Abernathy participated in spring training with the Athletics during the 1943 season. In May, Abernathy was cut from the Athletics roster after giving up seven earned runs, all earned, in one inning pitched.

Abernathy was then assigned to the Class-B Wilmington Blue Rocks where he went 16–10 with a 3.16 ERA in 38 games. He was tied for sixth in the Interstate League in wins. Abernathy made his return to the Athletics roster in September and finished the season with a record of 0–3 with a 12.89 ERA, one complete game and 10 strikeouts in five games, two starts. Abernathy spent what would prove to be his final season in the majors with the Athletics in 1944. In only one game, Abernathy gave up one earned run in one inning pitched.

===Later career===
After pitching one game with the Philadelphia Athletics in 1944, Abernathy started playing in the St. Louis Browns organization with the Class-A1 Memphis Chickasaws of the Southern Association. He went 6–6 with a 3.55 ERA in 23 games, 11 starts with the Chickasaws that season. In 1945, Abernathy continued playing with the Memphis Chickasaws. That season, he went 8–10 with a 3.65 ERA in 26 games, 20 starts. Abernathy was tied for first on Memphis in losses in 1945.

During the 1946 season, still a member of the Memphis Chickasaws who were now redefined as a Double-A level team, Abernathy went 3–3 with a 3.48 ERA in nine games, seven starts.
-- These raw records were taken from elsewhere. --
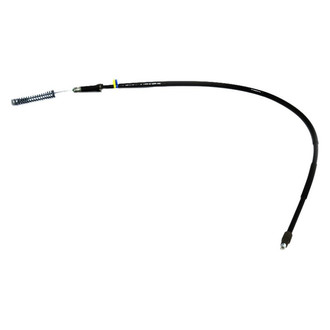 Mopar® - Parking Brake Cable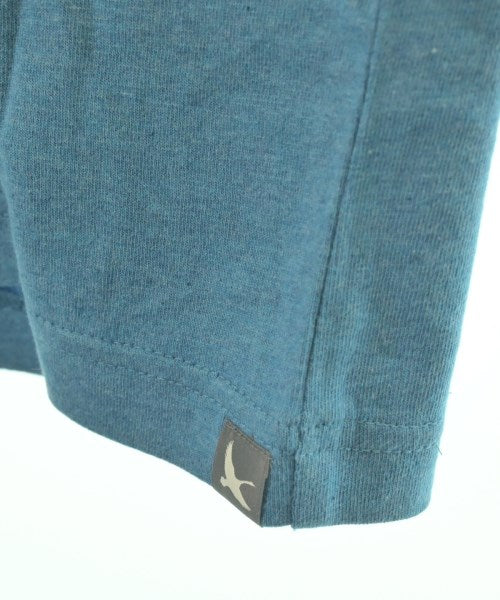 Eddie Bauer เสื้อยืด/เสื้อท็อปส์
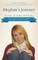 Meghan's Journey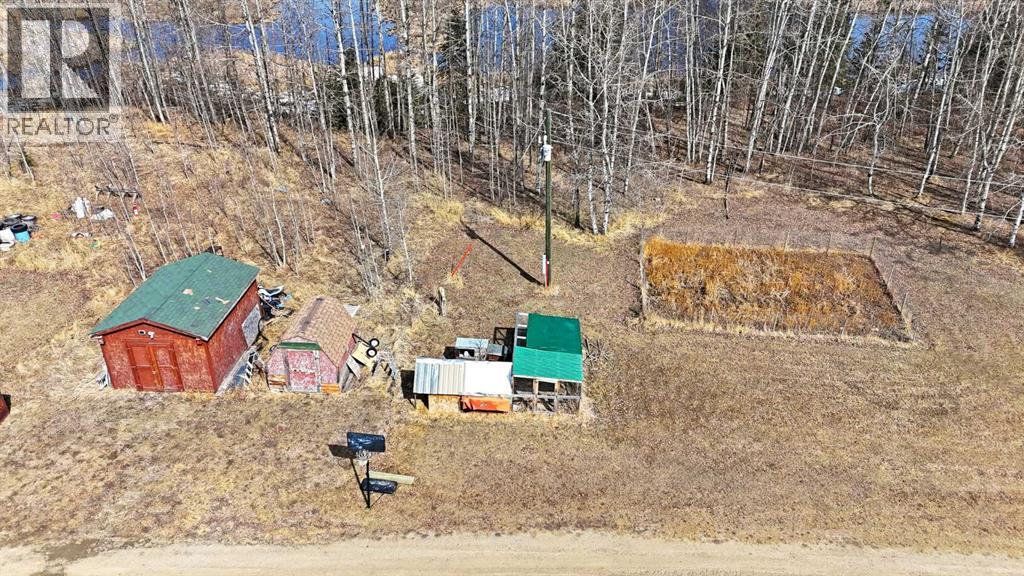 373004 Range Road 6-3, Rural Clearwater County, Alberta  T4T 2A3 - Photo 24 - A2304571
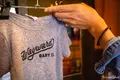 Wayward Brewing Co.の写真_505619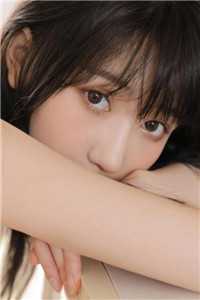 温舒柠谢北津写的小说从此阡陌多暖春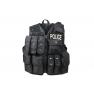 Tactical Vest,assault gear,tac vest,SWAT vest,police tactical vest,military tactical vest,military vest,paintball vest,airsoft vest,military gear,police gear,duty gear,cop gear,raid vest,tactial raid vest, swat vest, public safety vest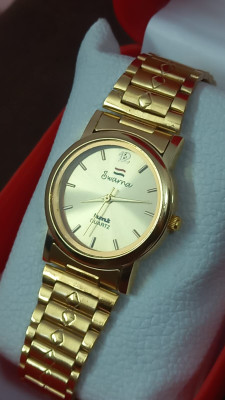 yograj Analog Watch  - For Men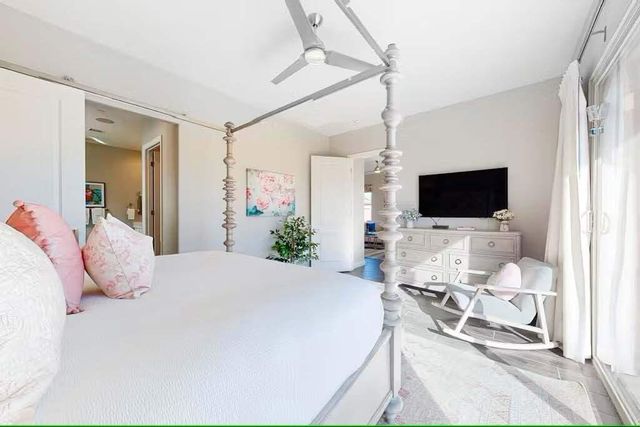 23 Vintage, Rancho Mirage, CA 92270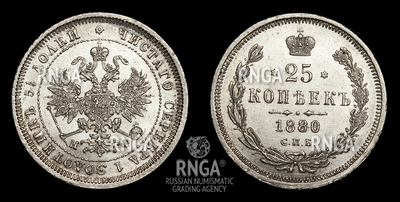 106191180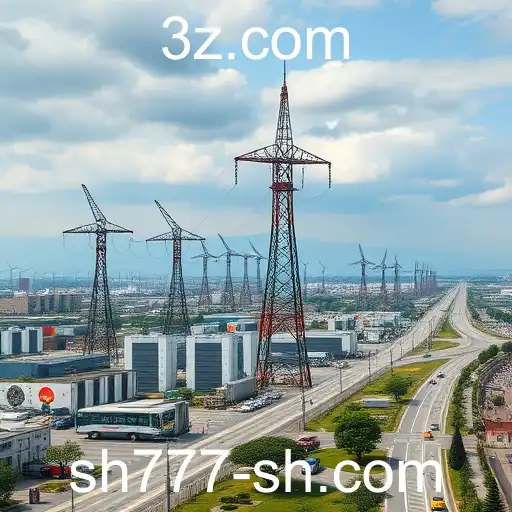 A Ascensão dos Jogos Online e a Influência de SH777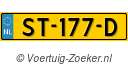 ST177D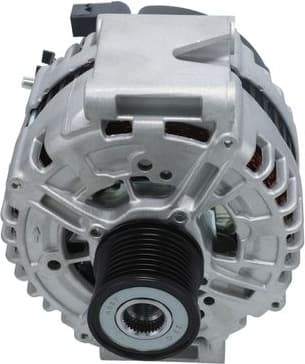 Alternator 1 986 A01 264 - image 8
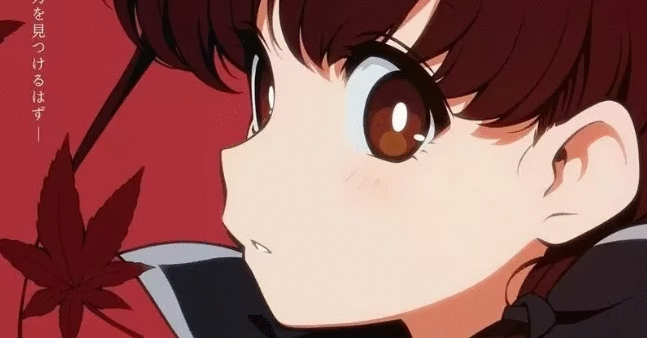 Nexon举报前员工新作《Project KV》抄袭 韩国警方介入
In 1947, Abernathy played for both the Double-A Memphis Chickasaws and the Class-C Leaksville-Draper-Spray Triplets. With the Chickasaws, he went 1–0 in two games. Abernathy later joined the Triplets where he went 14–12 with a 3.18 ERA in 39 games. He led the Leaksville-Draper-Spray team in wins.
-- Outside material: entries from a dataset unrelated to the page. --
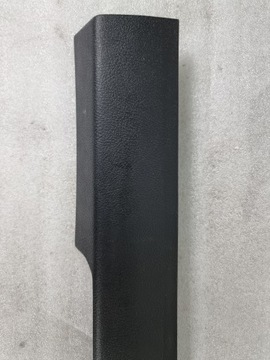 фото thumb №2, Защита порога правые перед ford mondeo mk4 iv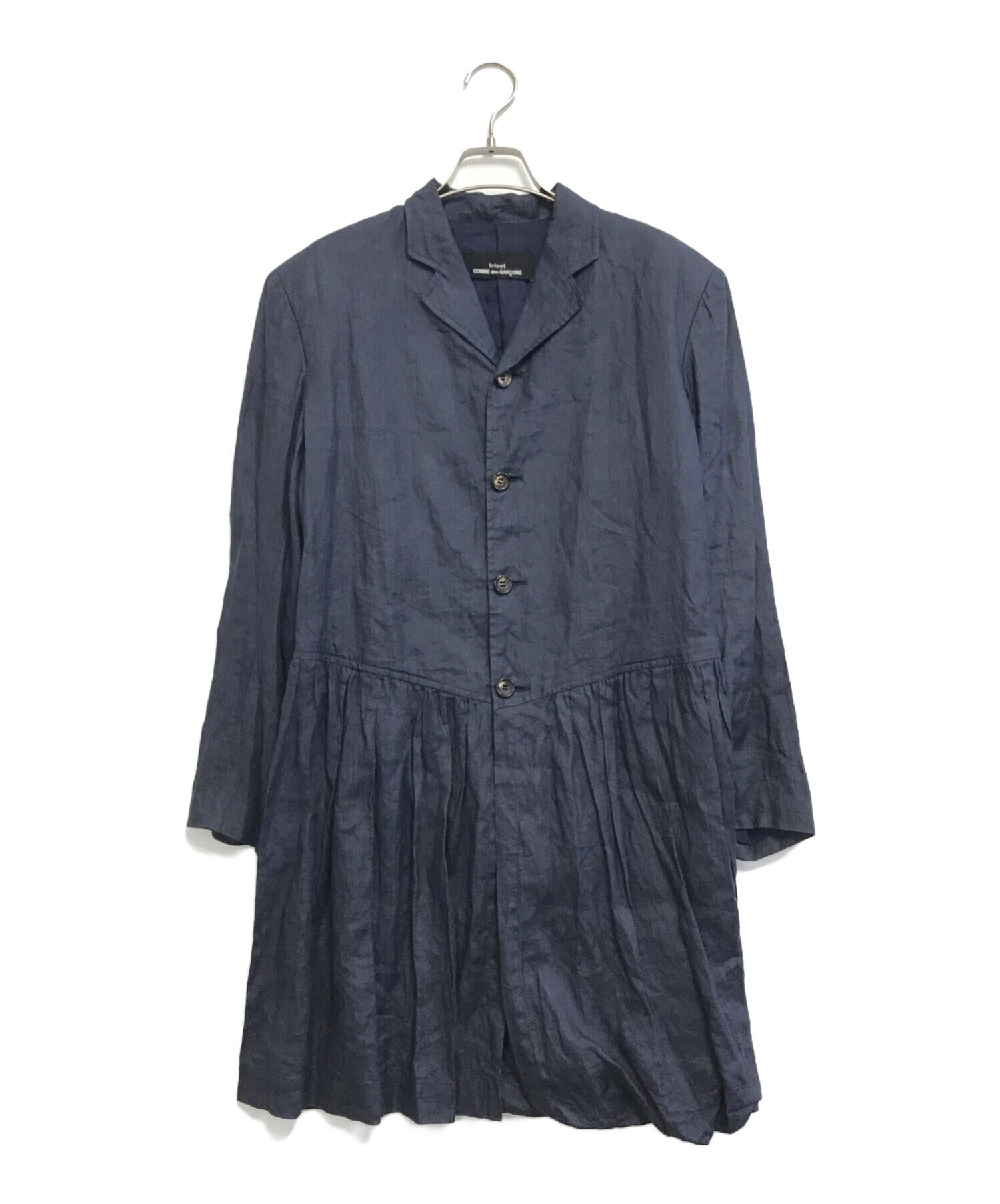 tricot COMME des GARCONS – Archive Factory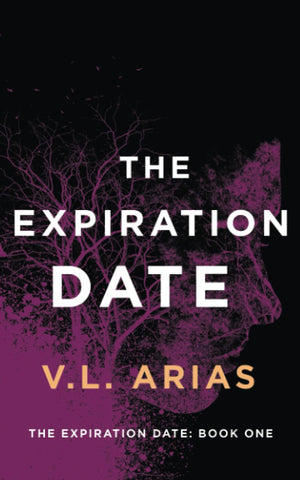 The Expiration Date,Used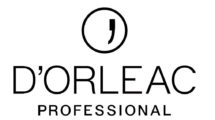 D'ORLEAC PROFESIONAL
During the 1948 season, Abernathy made his managerial debut as the player-manager of two Carolina League teams; the Burlington Bees and the Reidsville Luckies. Combined between the two Class-C level teams, Abernathy went 13–10 with a 3.57 ERA in 37 games. During his tenure with the Bees, Abernathy was fined for throwing a baseball out of the ball park after getting upset over a call made by the umpire. After the incident, Abernathy apologized to his teammates and promised them that if he was ever fined again, he would buy them all a steak.

In 1949, Abernathy's final season in professional baseball, he split the season between the Class-B Burlington Bees and the Class-B Greensboro Patriots, both of the Carolina League. In 37 combined games, Abernathy went 10–10 with a 4.18 ERA.